After Niyazov’s death, governments from the EU to Asia jostled for access to Turkmenistan’s gas reserves, estimated at 8.1 trillion cubic meters by BP Plc. That’s enough to meet current German demand for more than a century.

Russia wants Turkmenistan and Kazakhstan to build a new gas pipeline along the Caspian coast to keep control over the former Soviet republics’ energy exports. Iran has presented an alternative plan envisioning a network of shipping routes and pipelines that would turn the country into a regional hub for Caspian energy exports.

East-West Link

Turkmenistan is building a $2 billion East-West pipeline that will carry about 30 billion cubic meters of gas from the country’s biggest fields toward the Caspian coast when opened in June 2015 as it seeks to increase fuel exports.

Nabucco is planned to stretch more than 3,300 kilometers (2,050 miles) from Turkey to Austria to send gas to Europe and reduce the region’s dependence on Russia. Nabucco is also seeking to source gas from Azerbaijan and Iraq.

The Nabucco partners, which also include Essen, Germany- based RWE AG, Budapest-based Mol Nyrt., Bulgargaz EAD, Romania’s Transgaz SA and Ankara-based Botas, have said they’ll decide on the investment by the end of this year.
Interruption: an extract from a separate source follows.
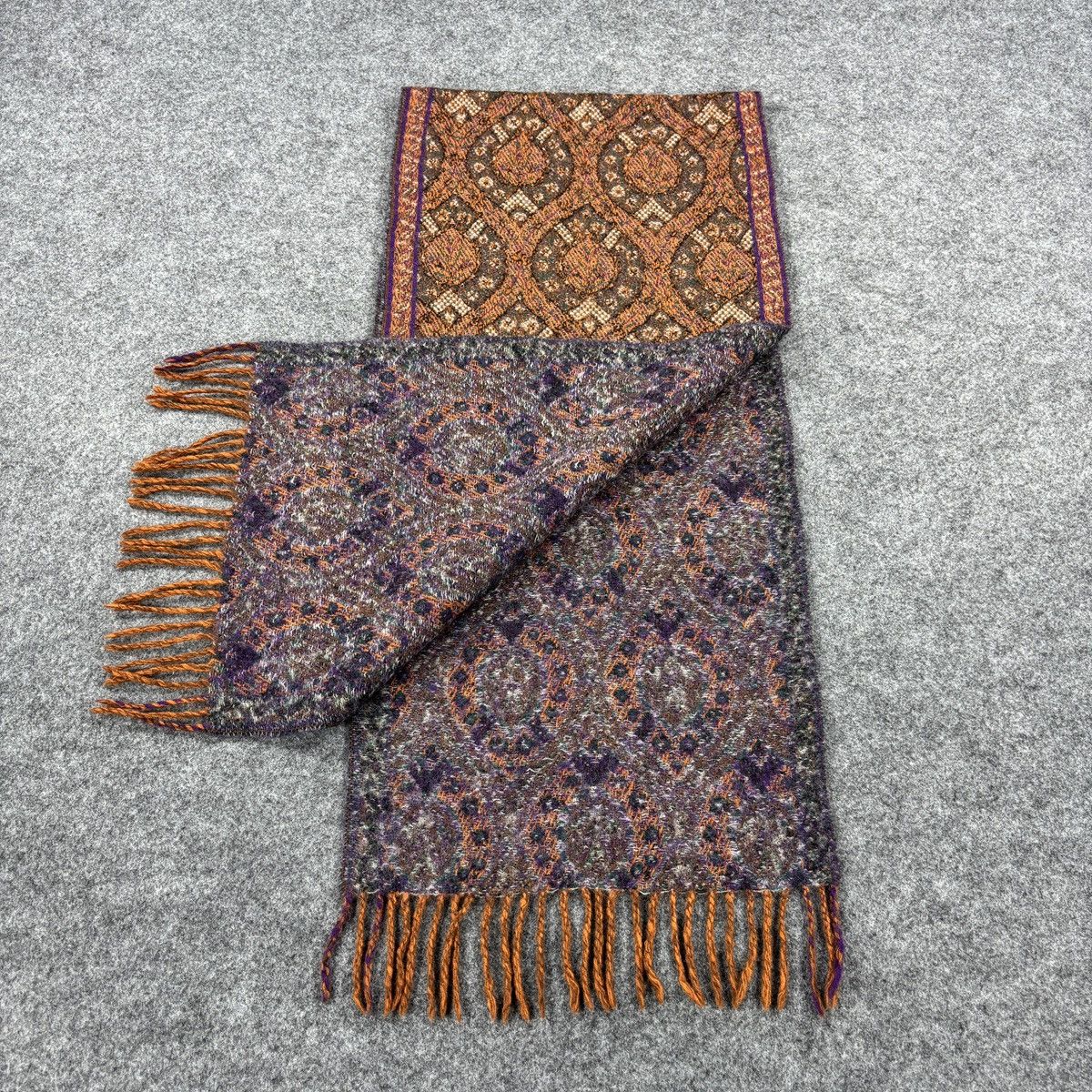 Kenzo × Vintage Kenzo Scarf # D761 # Muffler # Neckwear Size ONE SIZE - 6 Thumbnail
Construction is set to begin in 2011 and shipments may start at the end of 2014, according to the venture’s website.

While Nabucco welcomes increased support from the EU for a southern gas corridor, the venture doesn’t have any formal knowledge of efforts to push for an Azeri-Turkmen deal on a pipe between the countries, spokeswoman Gabriele Egartner said in an e-mailed response to questions.

Sub-soil Jurisdiction

The proposed framework isn’t to be interpreted as affecting Azerbaijan or Turkmenistan’s jurisdiction over sub-soil resources or their sovereign rights under international law to the Caspian Sea, according to the document.

The delineation of the Caspian Sea became an issue after the 1991 breakup of the Soviet Union, when Iran found itself with four neighbors on the body of water instead of one.

“We think that defining the borders is not the main problem blocking such a project,” Vagif Aliyev said. The main issue is coming up with a commercial project that will be profitable to investors, he said. “We, as investors, are not ready at this moment.”